◆ **DATA BLOCK**:
====
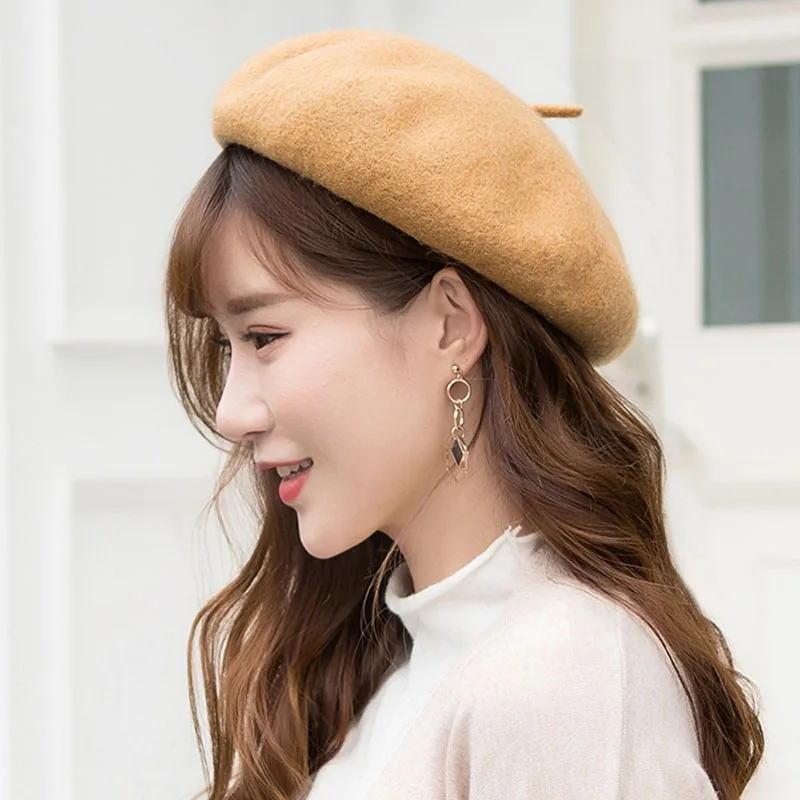 2019 женский элегантный шерстяной берет зимняя теплая Женская шапка для художника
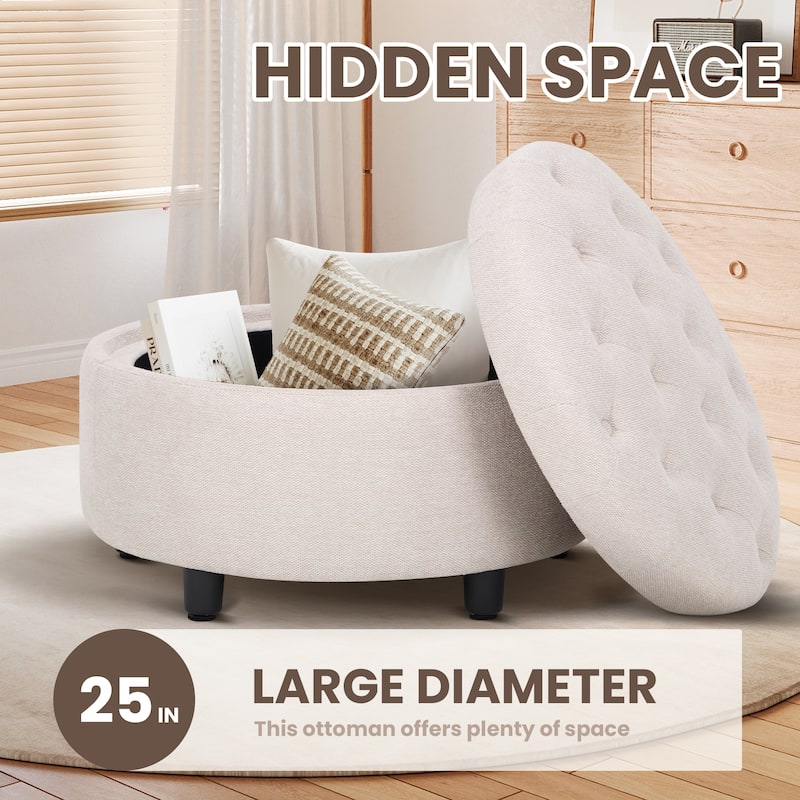 RENEWLINE Fabric Storage Ottoman with Tray Lid - Footrest & Hidden Storage for Living Room​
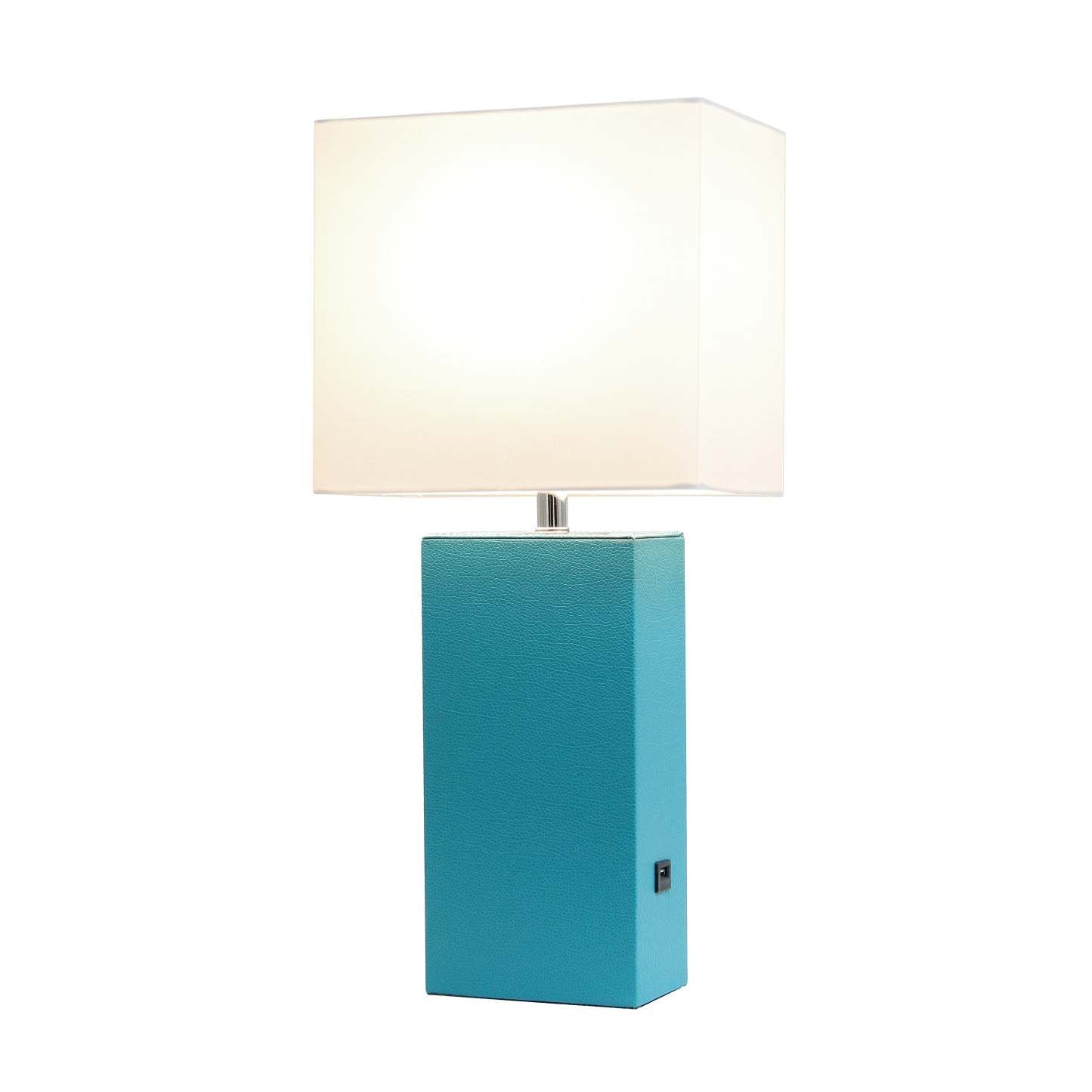 Lampe de table moderne Elegant Designs en cuir avec USB et abat-jour en tissu blanc, turquoise|D21L3SZ1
====
◆ **TASK DESCRIPTION**: Pictures are to be excluded; all other material must be transcribed exactly.

◆ **RESULT**:
 2019 женский элегантный шерстяной берет зимняя теплая Женская шапка для художника
 RENEWLINE Fabric Storage Ottoman with Tray Lid - Footrest & Hidden Storage for Living Room​
 Lampe de table moderne Elegant Designs en cuir avec USB et abat-jour en tissu blanc, turquoise|D21L3SZ1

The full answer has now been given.